Nova Scotia Power to build electric vehicle fast charging network in province
The 12 charging stations will feature both Level 3 fast chargers for pure electric vehicles and Level 2 chargers for plug-in hybrids. The million-dollar project will be funded by investors instead of ratepayers
HALIFAX—Nova Scotia Power Inc. is installing a dozen fast-charging stations for electric vehicles, with investors bankrolling the new province-wide network rather than ratepayers as originally proposed.
The utility said Tuesday it will finance the 12 stations through an investment by Emera shareholders after the energy regulator rejected its proposal to pay for the network through customers’ power bills.
“We’ll be financing it outside of rates.
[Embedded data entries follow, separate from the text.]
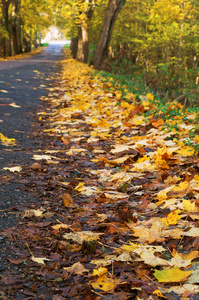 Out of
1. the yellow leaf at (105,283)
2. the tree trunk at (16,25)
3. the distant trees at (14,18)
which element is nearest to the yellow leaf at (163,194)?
the yellow leaf at (105,283)

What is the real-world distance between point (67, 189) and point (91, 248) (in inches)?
37.9

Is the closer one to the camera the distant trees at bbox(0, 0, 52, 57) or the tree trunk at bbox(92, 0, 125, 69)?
the tree trunk at bbox(92, 0, 125, 69)

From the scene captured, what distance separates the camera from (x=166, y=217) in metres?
2.07

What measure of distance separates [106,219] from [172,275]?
0.76 metres

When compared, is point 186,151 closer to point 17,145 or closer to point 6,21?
point 17,145

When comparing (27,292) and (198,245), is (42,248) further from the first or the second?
(198,245)

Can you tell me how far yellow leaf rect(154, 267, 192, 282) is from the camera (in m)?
1.43

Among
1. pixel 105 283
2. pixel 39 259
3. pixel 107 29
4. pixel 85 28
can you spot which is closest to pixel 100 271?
pixel 105 283

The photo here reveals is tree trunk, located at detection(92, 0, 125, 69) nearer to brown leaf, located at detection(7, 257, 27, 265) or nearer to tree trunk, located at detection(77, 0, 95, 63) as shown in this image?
tree trunk, located at detection(77, 0, 95, 63)

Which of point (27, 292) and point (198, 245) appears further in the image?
point (198, 245)

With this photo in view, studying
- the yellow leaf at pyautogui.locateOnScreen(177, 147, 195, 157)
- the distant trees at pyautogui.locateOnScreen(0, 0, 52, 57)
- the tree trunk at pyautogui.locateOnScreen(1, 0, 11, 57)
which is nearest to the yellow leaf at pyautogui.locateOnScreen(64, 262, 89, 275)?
the yellow leaf at pyautogui.locateOnScreen(177, 147, 195, 157)

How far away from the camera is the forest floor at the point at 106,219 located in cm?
145

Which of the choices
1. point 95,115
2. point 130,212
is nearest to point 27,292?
point 130,212

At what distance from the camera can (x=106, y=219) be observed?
7.00 feet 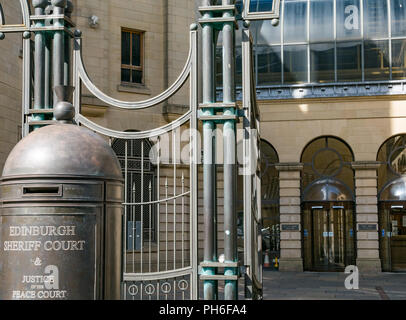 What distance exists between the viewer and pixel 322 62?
26094 millimetres

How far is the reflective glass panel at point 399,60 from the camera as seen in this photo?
25.3 m

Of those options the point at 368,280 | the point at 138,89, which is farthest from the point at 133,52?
the point at 368,280

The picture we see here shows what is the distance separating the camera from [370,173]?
24547mm

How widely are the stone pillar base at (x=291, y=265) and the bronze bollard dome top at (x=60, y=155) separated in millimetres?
20343

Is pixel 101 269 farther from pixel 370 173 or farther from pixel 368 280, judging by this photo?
pixel 370 173

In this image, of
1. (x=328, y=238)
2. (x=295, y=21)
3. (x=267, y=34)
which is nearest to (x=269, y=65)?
(x=267, y=34)

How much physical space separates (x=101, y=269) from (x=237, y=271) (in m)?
2.69

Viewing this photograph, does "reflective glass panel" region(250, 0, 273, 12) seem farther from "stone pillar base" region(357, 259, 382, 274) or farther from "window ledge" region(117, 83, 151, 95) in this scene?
"stone pillar base" region(357, 259, 382, 274)

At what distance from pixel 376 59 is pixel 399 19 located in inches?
70.5

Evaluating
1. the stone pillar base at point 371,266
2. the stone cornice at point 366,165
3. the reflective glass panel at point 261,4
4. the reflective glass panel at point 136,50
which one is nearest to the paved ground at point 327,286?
the stone pillar base at point 371,266

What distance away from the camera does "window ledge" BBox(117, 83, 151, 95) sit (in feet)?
76.1

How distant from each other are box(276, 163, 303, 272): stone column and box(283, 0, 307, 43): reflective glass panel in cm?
533

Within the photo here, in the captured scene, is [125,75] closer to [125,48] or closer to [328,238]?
[125,48]

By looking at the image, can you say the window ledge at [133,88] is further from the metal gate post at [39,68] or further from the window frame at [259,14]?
the window frame at [259,14] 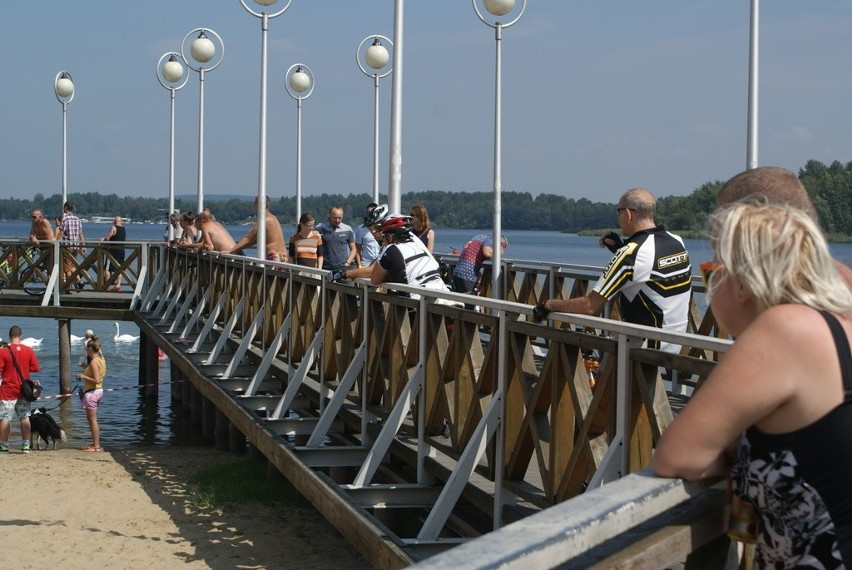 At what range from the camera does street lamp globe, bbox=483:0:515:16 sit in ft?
50.8

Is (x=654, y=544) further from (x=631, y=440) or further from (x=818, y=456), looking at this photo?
(x=631, y=440)

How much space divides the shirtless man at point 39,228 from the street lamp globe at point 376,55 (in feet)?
28.2

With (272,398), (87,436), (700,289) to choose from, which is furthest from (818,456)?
(87,436)

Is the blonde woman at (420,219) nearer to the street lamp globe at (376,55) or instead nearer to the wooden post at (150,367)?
the street lamp globe at (376,55)

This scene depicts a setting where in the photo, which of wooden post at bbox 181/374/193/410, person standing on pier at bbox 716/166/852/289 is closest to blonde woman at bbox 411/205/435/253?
person standing on pier at bbox 716/166/852/289

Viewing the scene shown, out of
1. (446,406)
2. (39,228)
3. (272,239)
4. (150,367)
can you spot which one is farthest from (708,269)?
(150,367)

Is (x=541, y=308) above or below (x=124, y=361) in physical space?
above

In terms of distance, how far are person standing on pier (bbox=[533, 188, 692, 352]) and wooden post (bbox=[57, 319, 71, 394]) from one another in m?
22.4

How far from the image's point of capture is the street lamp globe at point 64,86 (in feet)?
98.0

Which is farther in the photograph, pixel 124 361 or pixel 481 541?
pixel 124 361

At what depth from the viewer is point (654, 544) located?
1.99 meters

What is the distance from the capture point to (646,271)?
18.6 ft

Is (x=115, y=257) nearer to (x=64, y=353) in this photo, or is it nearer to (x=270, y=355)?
(x=64, y=353)

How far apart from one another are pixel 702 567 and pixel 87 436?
2105 cm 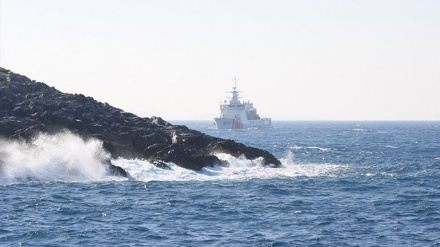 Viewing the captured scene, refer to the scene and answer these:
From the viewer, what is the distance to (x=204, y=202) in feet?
119

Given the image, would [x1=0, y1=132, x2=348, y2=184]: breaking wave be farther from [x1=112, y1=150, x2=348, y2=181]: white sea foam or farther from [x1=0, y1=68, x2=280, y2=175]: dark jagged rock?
[x1=0, y1=68, x2=280, y2=175]: dark jagged rock

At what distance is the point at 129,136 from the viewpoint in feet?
174

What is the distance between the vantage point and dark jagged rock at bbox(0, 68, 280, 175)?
4997 centimetres

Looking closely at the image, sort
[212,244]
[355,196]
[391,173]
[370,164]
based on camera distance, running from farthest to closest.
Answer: [370,164], [391,173], [355,196], [212,244]

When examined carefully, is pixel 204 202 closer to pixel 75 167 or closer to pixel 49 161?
pixel 75 167

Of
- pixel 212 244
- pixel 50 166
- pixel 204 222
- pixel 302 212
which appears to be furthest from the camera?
pixel 50 166

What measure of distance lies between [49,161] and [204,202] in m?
14.0

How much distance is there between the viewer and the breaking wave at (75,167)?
4397 centimetres

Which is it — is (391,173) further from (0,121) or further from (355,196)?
(0,121)

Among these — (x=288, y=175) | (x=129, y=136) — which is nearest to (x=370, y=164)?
(x=288, y=175)

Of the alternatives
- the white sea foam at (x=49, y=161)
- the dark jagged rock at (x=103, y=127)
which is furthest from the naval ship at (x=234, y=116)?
the white sea foam at (x=49, y=161)

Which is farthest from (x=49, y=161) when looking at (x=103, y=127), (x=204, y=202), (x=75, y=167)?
(x=204, y=202)

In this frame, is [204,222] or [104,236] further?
[204,222]

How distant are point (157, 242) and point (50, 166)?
20.4 metres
The opportunity with the federal cost-sharing is one that we simply couldn’t pass up,” NS Power spokeswoman Tiffany Chase said in an interview.
The million-dollar project will be paid for by the utility and Natural Resources Canada—each investing roughly $420,000—while the province will contribute $120,000 towards secondary chargers at each station, she said.
The charging stations will be located every 65 kilometres or so along Nova Scotia’s highways and feature both Level 3 fast chargers for fully electric vehicles and Level 2 chargers for plug-in hybrid vehicles.
“Our main objective is to increase access to charging stations across the province,” Chase said. “We’ve heard from customers that the lack of charging stations, and the lack of fast charging stations in particular, is a key barrier to owning an electric vehicle in Nova Scotia.”
Lukas Swan, associate professor of mechanical engineering at Dalhousie University, said the fast-charging network will put Nova Scotia on the electric vehicle map.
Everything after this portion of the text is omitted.